## Task objective
With the pictures excluded, reproduce all of the data exactly.

## Material provided

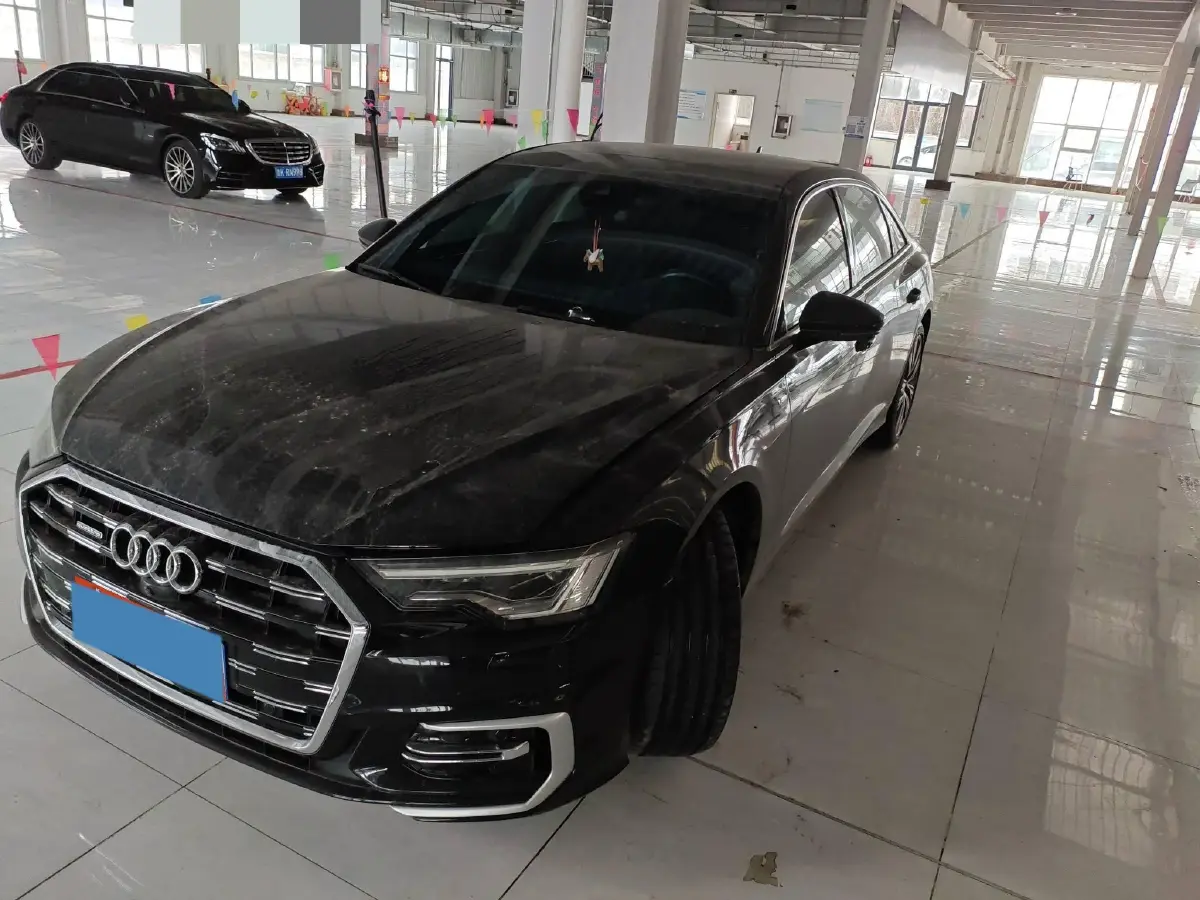 2023 Audi A6L 2.0T 245HP L4 7DCT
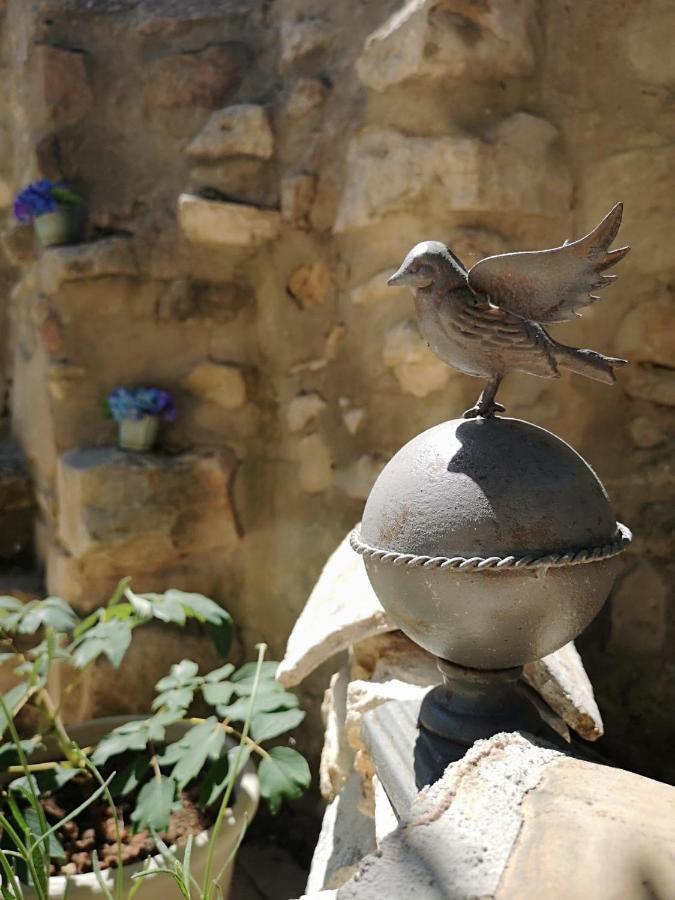 Au Clos Des Anges Saint-Jean-de-Maruéjols-et-Avéjan Kültér fotó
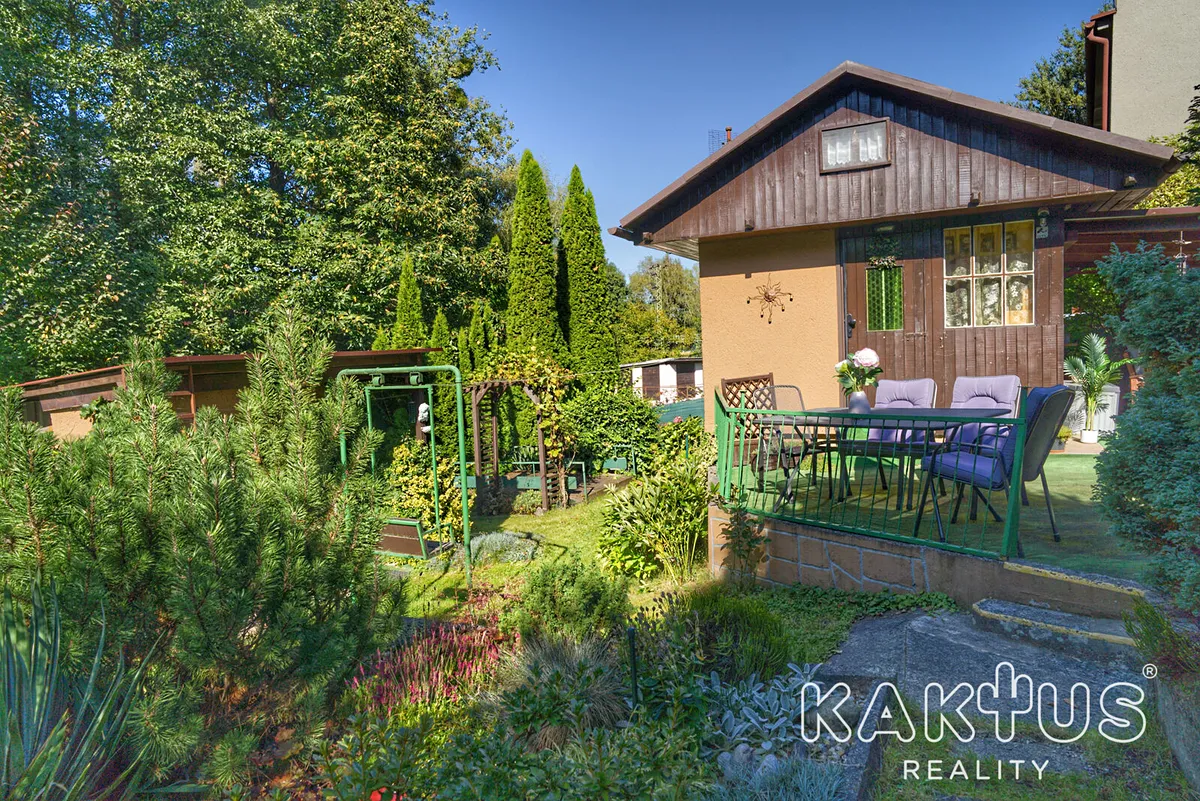 Prodej chaty 16 m², pozemek 501 m²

## Task answer
 2023 Audi A6L 2.0T 245HP L4 7DCT
 Au Clos Des Anges Saint-Jean-de-Maruéjols-et-Avéjan Kültér fotó
 Prodej chaty 16 m², pozemek 501 m²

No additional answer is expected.